LUCENE-3312 Break out StorableField from IndexableField

Nikola Tanković

Short description: Lucene is a open-source full-text search library written in Java, but ported to many other languages. It relays on concept of document, a core Lucene information holder in need to be indexed or stored. This project will decouple indexing and storing operations over fields in document, as well as separate document classes in indexing and search time.

Additional info: https://issues.apache.org/jira/browse/LUCENE-3312

Summary

Document in Lucene is consisted of Fields which can have different properties affecting the way Lucene indexes, stores or analyzes by these fields.
Currently, efforts have been made to decouple classes that manage documents and fields from indexing mechanisms. This enables implementations of custom document handling classes.
Problem still remains in mixing of two separate operations that lucene provides over documents fields: indexing and storing.
As a solution, instead of using IndexableField for handling both storing and indexing, a separate interface called StorableField can be introduced.
In addition, this project will also tend to separate document classes used in index-time from search time as they are somewhat different because indexing time and search time mechanisms consume different information from documents.

Introduction and Motivation

Lucene is used throughout many search engines and projects in need of text analysis and indexing. It functions by adding documents to a full-text index. This index can then be searched to return results ranked by different criteria like relevance to the query or by an arbitrary field values.

Lucene has a logical architecture based on principle of a document, unit of search and index, containing fields, an simple arbitrary key-value pair. Documents in Lucene should be thought as collections of fields containing different values, making them universal and general, not like document in common English usage of that word.

Fields in Lucene can be indexed, which is a basic Lucene functionality, but also stored. Benefits of stored field means that you do not have to query the actual data source which is being indexed for additional information about certain record. E.g. you can store first paragraph of large text or certain important dates to be displayed after searching for a document.

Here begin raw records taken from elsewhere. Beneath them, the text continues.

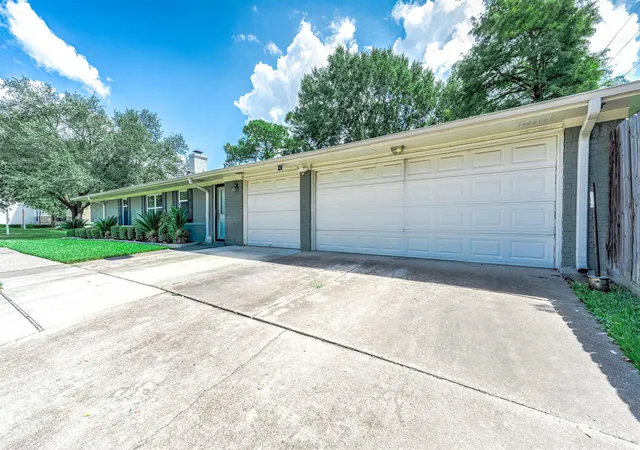 5th image of 5331 Imogene St, Houston, TX 77096 | MLS# 36450262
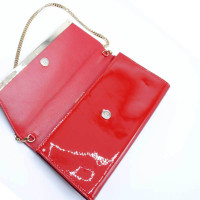 Jimmy Choo Clutch aus Lackleder in Rot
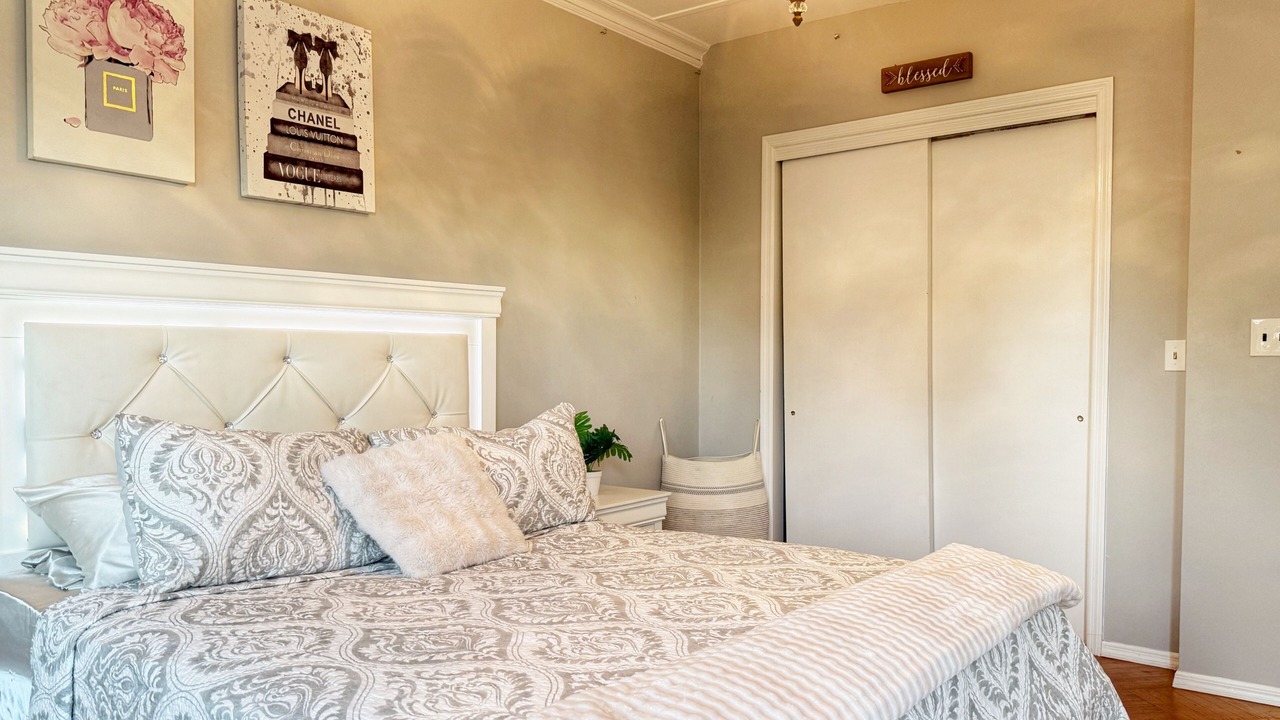 Photo of Bedroom in Hasbrouck Heights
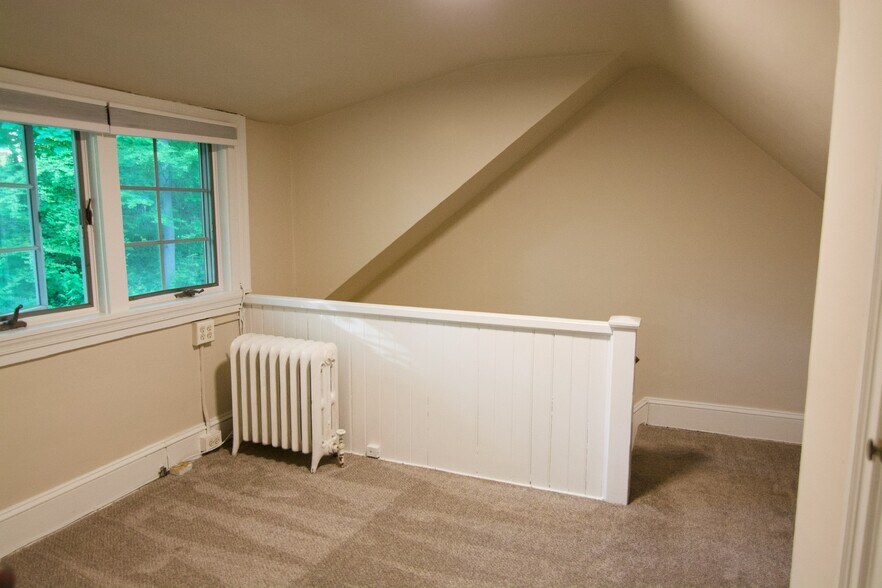 Building Photo - 327 Valley Brook Rd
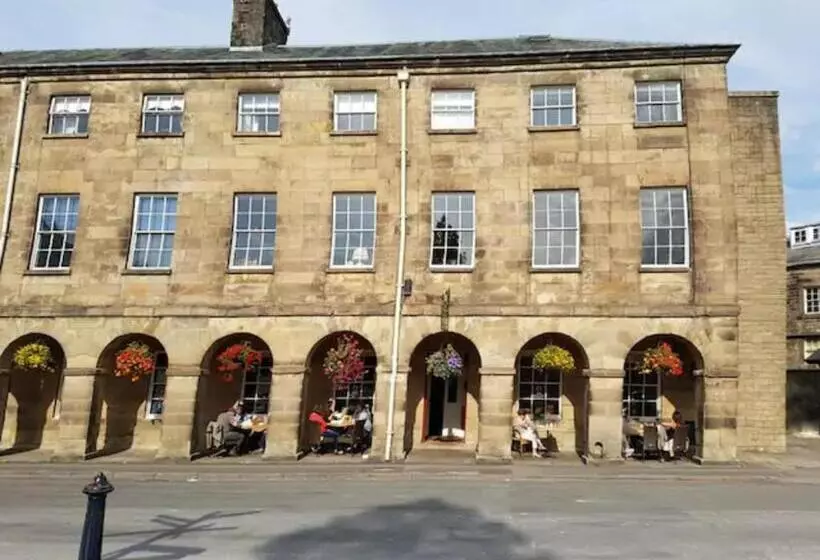 ホテル No 6 The Square Tearooms & Accommodation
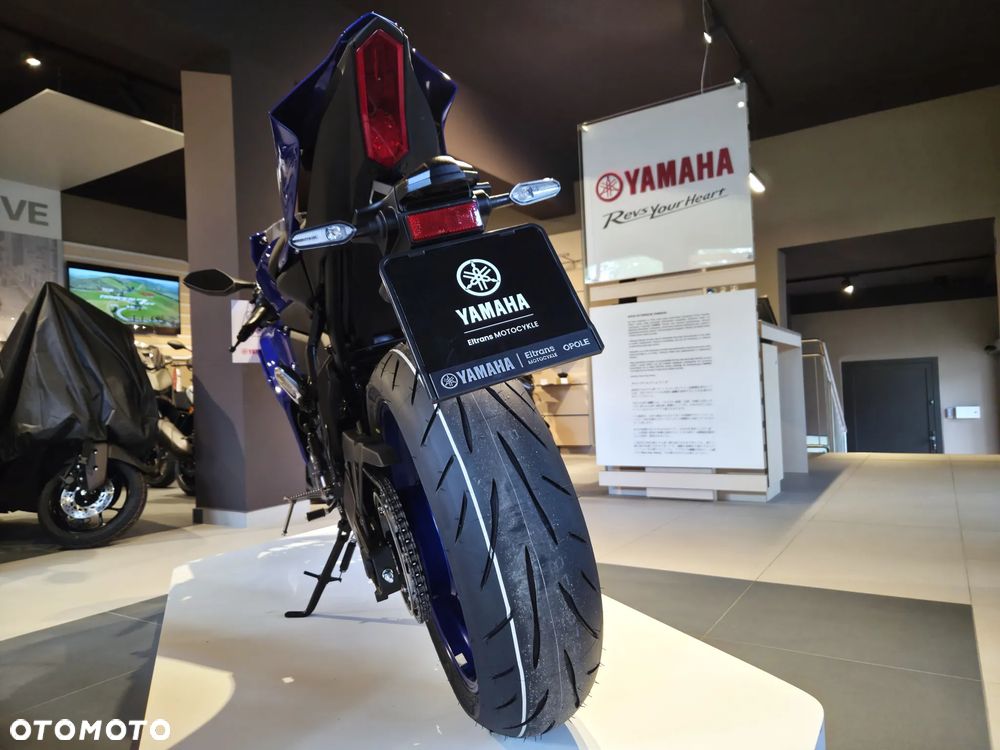 Yamaha R7 - 18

This project tends to refactor the part of Lucene API dealing with two general types of field: storable and indexable fields. It would be much cleaner if the indexer would have separate acces from documents’ storable and indexable fields, thus why introduction of new StorableField interface is needed; one that will break out information regarding storable fields out of IndexableField.

Another thing to look into are DocValues which provide faster way of getting stored information from documents by reducing the amounts of disk seeks. This is achieved by storing fields in documents column stride.

Another Lucene modification in this project would be the separation of document class in search time from one in indexing time. This means that indexing details in documents fields will no longer be provided in search time, which was proven to be confusing and bringing further problems.

Proposed Solution and Rationale

Suggested proposal includes following:

  • Separation of IndexableField and StorableField
  • Separation of indexing time document from searching time document class
  • Necessary changes to indexing and searching API and implementation
  • Necessary changes to FieldType classes
  • Possible reunion of DocValues into StorableField


Although this seems like an easy refactoring task, there are some important aspects to take into consideration:

  • API passed to indexer should remain narrow
  • Performance drops with fields that are both indexed and stored should be minimal


Work Plan

Milestone
Due
Description
Detailed introduction with Lucene indexing and searching API
May 1st
Study of internal indexing and searching details.
Milestone
Due
Description
Class design of proposed solution
May 23rd
This is an important milestone which includes much discussion with community together with presenting several possible solutions.
Deliverable of this phase is class design candidate for implementation, together with test scenarios.
Milestone
Due
Description
First round Implementation
June 10th
Implementation of proposed solution is completed and ready to be tested, but not fully integrated with rest of Lucene and Solr.
Milestone
Due
Description
Evaluation & Redesign
June 17th
Sharing of testing results, and decision about possible redesign.
Milestone
Due
Description
Second round Implementation
July 25th
Implementation of second redesigned model.
Milestone
Due
Description
Final evaluation and delivery
August 18th
Finalizing implementation and evaluation, fixing bugs, integration and delivery of final source code.





About Author and Related Work

Nikola Tankovic is born 1986 in Pula, Croatia. He develops a passion for computer programming in mid-school, and starts competiting in many regional competitions and ACSL league. At the age of 20, he start his own web company called TrueStudio (http://www.truestudio.net) where he developed many web application for several industrial needs, escpecially custom CMS solutions. During college, he also works as a software developer at Faculty of Electrical Engineering and Computing in Zagreb, maintaining and extending faculty’s E-Campus CMS solution.
During subject „Distributed Software Development“ he lead an international team of students on SCORE competition, which took place at ICSE ‘09 conference in Vancouver, Canada. His team achieved first prize.

He is currently a PhD student at Faculty of Electrical Engineering and Computing, studying executable models over graph databases. He aspires to make software development of data-centric desktop and mobile applications much easier through modelling of semantically rich executable models. He has advanced knowledge of many programming languages, including: C#, PHP, but primarily Java and Javascript, which he uses throughout the development of described modelling tool for his doctoral thesis.

He encounters Lucene by using Neo4J graph database to store application models and data and uses it heavily for quickly fetching desired graph nodes.